O documento não contesta em nenhum momento a Lei Rounet, que é o principal mecanismo responsável pela tendência de centralização percebida nas políticas culturais brasileiras; ao contrário, o texto não faz qualquer crítica a essa legislação e nem àquelas legislações estaduais e municipais que repetem os seus princípios. A centralização é criticada principalmente quando se encontra no Estado, notadamente no âmbito da União, ou então quando se relaciona com a centralização dos recursos em uma forma de expressão cultural e em uma região do país; todo o discurso de descentralização e democratização dobra os joelhos diante de uma lei que remete para os grandes capitalistas e as grandes empresas públicas (que tendem a funcionar, em muitos aspectos, de maneira capitalista) o direito de financiar por meio de incentivos fiscais as políticas de cultura, o que significa propor, consciente ou inconscientemente, que os grandes monopólios determinem a política cultural brasileira. Todos os mecanismos de participação propostos no documento são frágeis diante da realidade de que a decisão do investimento ficará com as grandes empresas. Naturalmente o mesmo não ocorre em relação aos recursos do Fundo Nacional de Cultura, já que estes estão regulados por instâncias estatais, que são obviamente mais permeáveis, mas esses recursos não são o núcleo do atual esquema de financiamento da esfera cultural.

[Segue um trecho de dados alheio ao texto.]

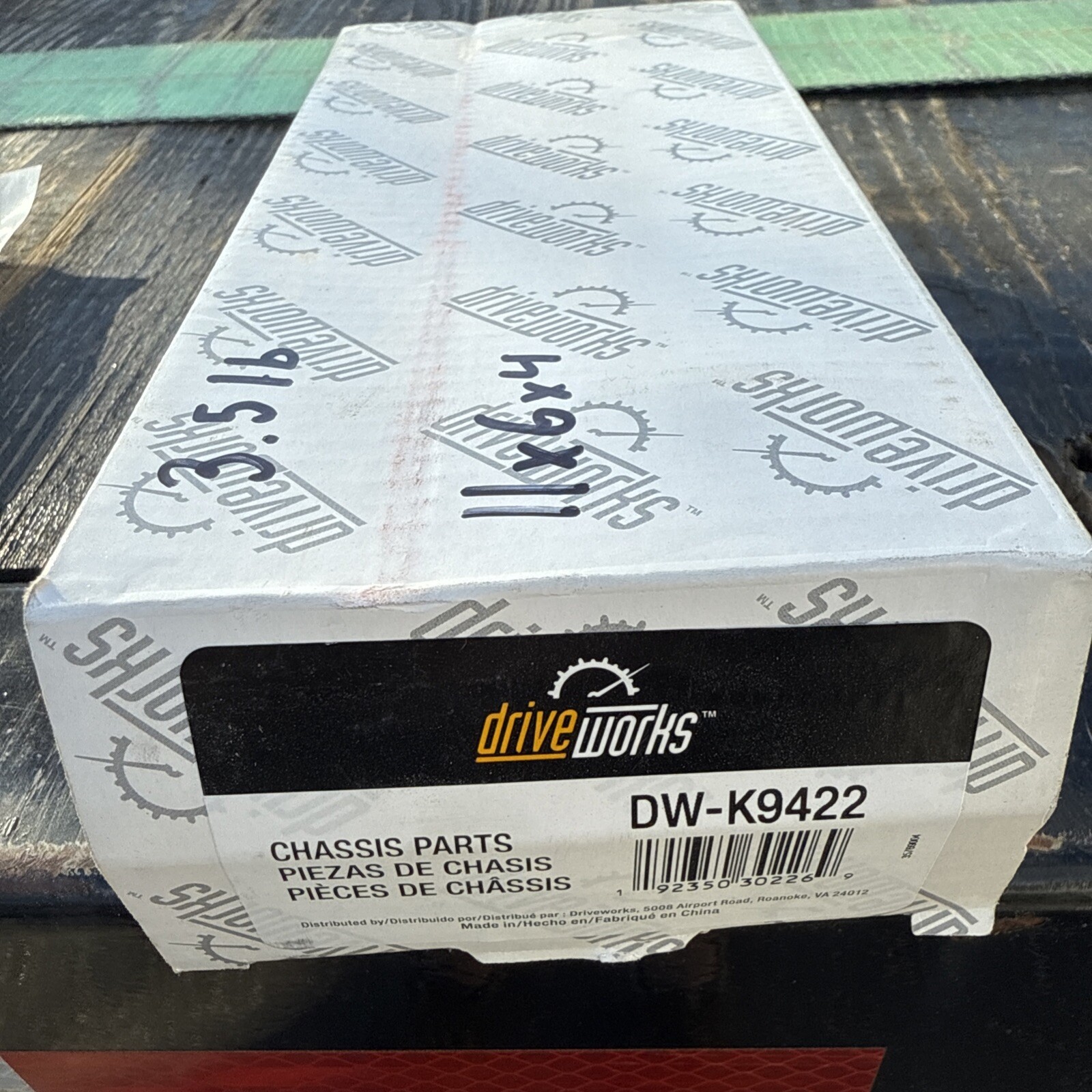 For 1986-1994 1995 Toyota New K9422 Front Pitman Arm Suspension Replacement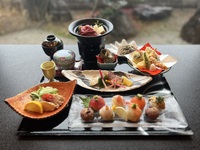 祝！受験合格祝い会席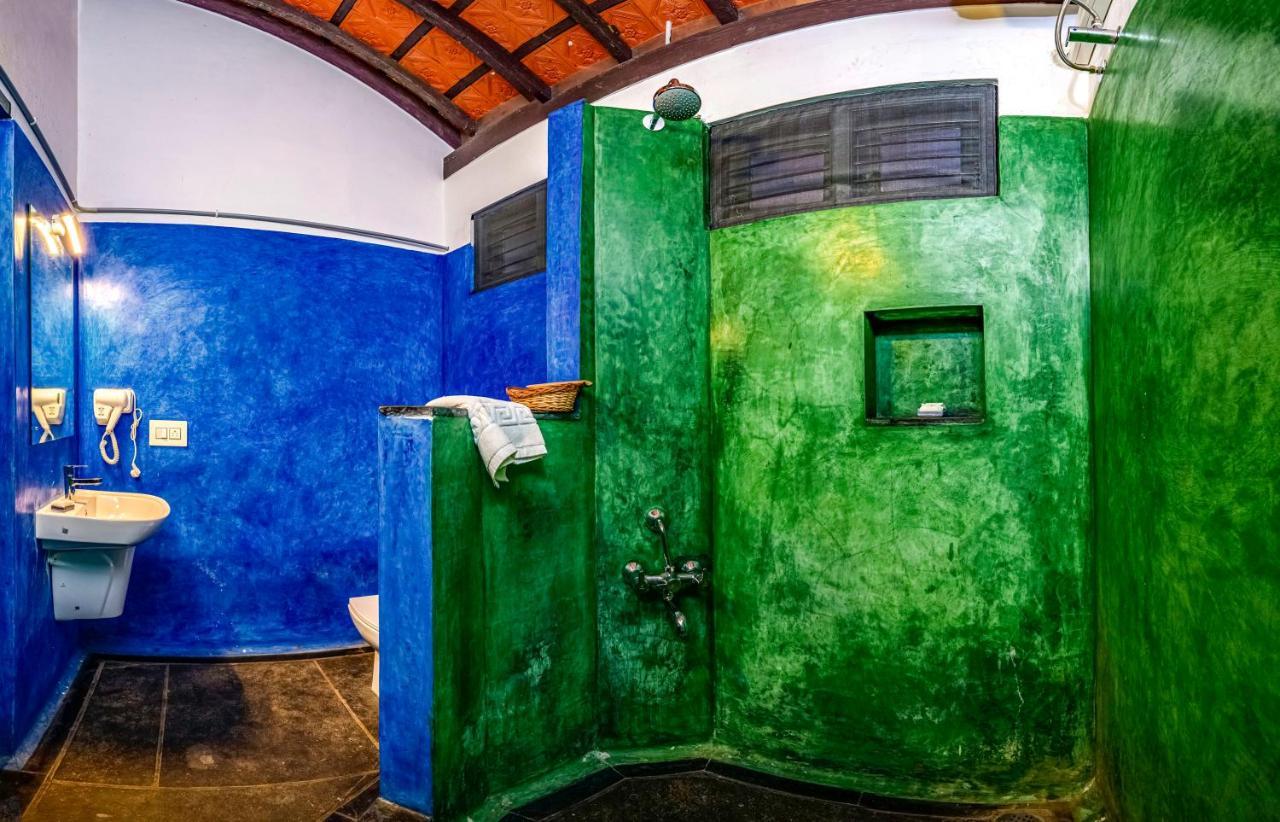 Neemrana'S Coconut Alley Tharangambadi 外观 照片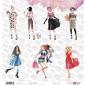 Preview: Papers For You 12x12 Paper Pad Trendy Girl #1553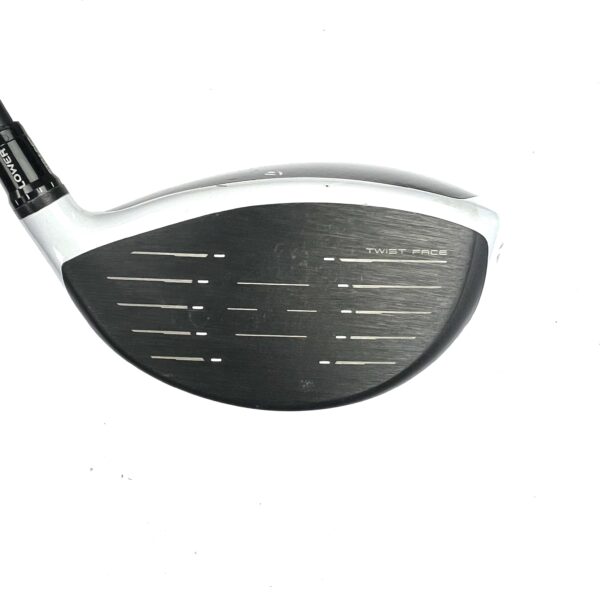 Left Handed Taylormade Sim2 Max Driver / 10.5 Degree / Hzrdus X-Stiff Flex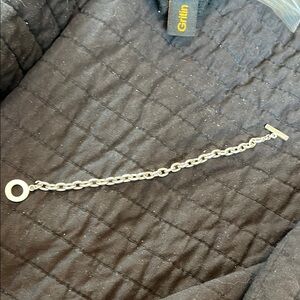 Silver Chain Bracelet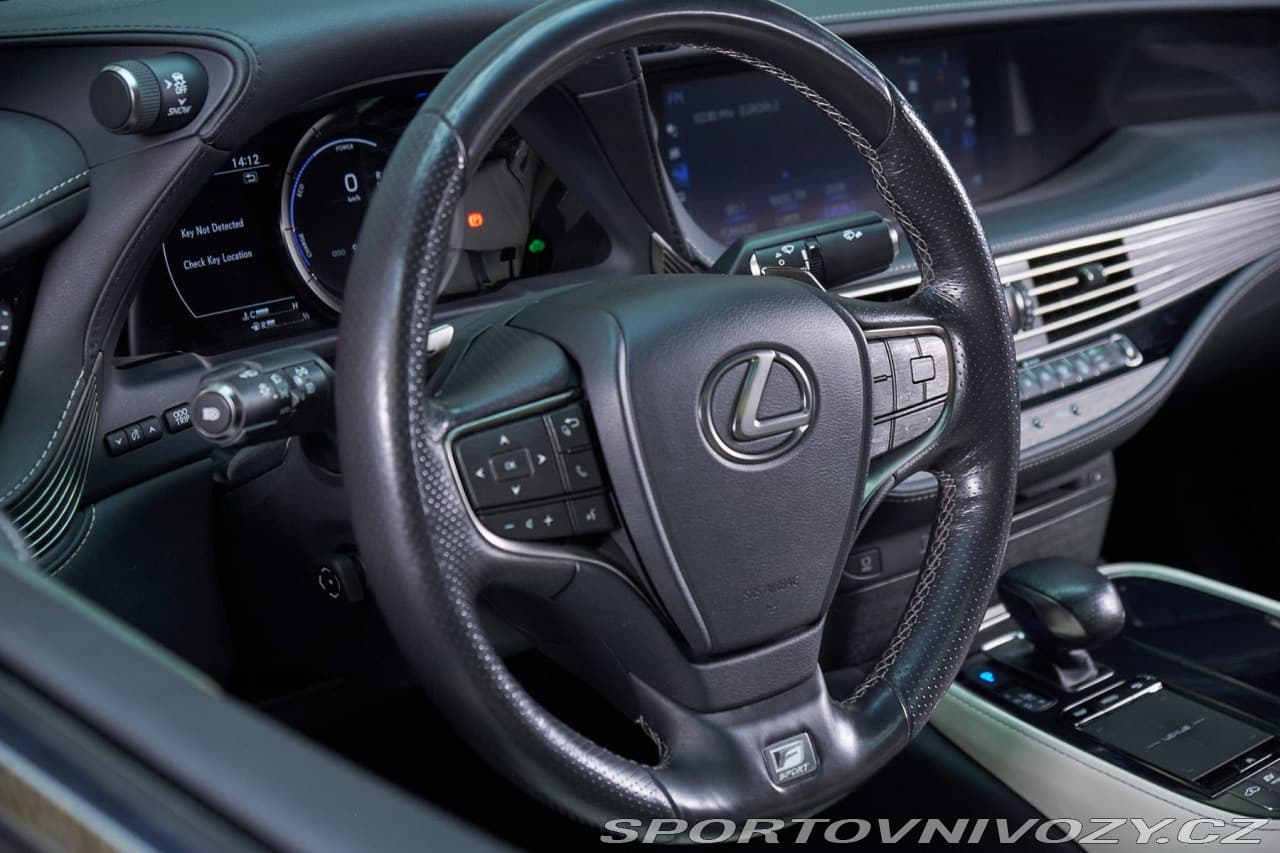 2019 Lexus OSTATNÍ - 20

Fica evidente, quando percebemos os interesses que estão por trás das teses apresentadas, que a sociedade civil que vocaliza suas idéias no documento não representa uma síntese do país, mas apenas a sua parte inserida nos pólos culturalmente hegemônicos, os quais se localizam no Sudeste, principalmente no Rio e em São Paulo. Um discurso aparentemente contemporâneo acaba por servir para que setores hegemônicos da sociedade civil desses pólos privilegiados mantenham uma posição de poder não legítima, uma posição que se baseia na união entre jogo duro do mercado monopolista no campo da cultura e as práticas patrimonialistas. Como ocorre com freqüência, o discurso se apresenta como o contrário dos interesses que defende e justifica.

2. Um discurso moderno e pós-moderno funcional para o arcaico

Estamos assim diante de um fenômeno curioso: um discurso que se apresenta com a síntese entre a democracia direta, o desprezo pelo Estado e a negação do capitalismo monopolista termina sendo funcional para garantir a ausência de mecanismos eficazes de democracia direta e representativa, a prevalência de um Estado com políticas de cultura não democráticas e o domínio das grandes corporações sobre a produção cultural. Como isso é possível? Antes de tudo, e dando como conhecido os fenômenos próprios do universo da ideologia, não devemos esquecer que uma das principais características da sociedade brasileira é que nela o velho instrumentaliza o novo para se perpetuar. Isso ocorre muito claramente no caso em análise.
Em nossa perspectiva o problema fundamental das políticas culturais no Brasil reside no fato de que elas não têm uma instância de coordenação e decisão no nível nacional (tendência que se reproduz nos Estados e Municípios); ou seja, a União não foi legitimada como núcleo de síntese e arbitramento dos vários interesses regionais e setoriais ligados à cultura. Assim cada Estado da Federação tem suas próprias políticas ou entrega essas políticas a setores poderosos da sociedade civil local; isso fragmenta as políticas culturais e mata de inanição orçamentária o Ministério da Cultura, órgão que deveria ser a instância suprema de coordenação dos recursos e arbitramento dos conflitos. Dessa situação surge o domínio do mais forte e a desorganização dos esforços do país na área; as sinergias são desperdiçadas, os recursos são gastos sem racionalidade e sem o arbitramento adequado, as relações se transformam em um vale-tudo, em um verdadeiro estado de natureza descrito por Hobbes. Para se ter uma idéia mais concreta do que significa isso para a cultura brasileira, basta pensar, por exemplo, quais seriam as conseqüências de uma desorganização desse tipo nos campos da saúde e da educação; como seria o SUS se o Ministério da Saúde tivesse menos recurso orçamentários do que algumas secretarias estaduais?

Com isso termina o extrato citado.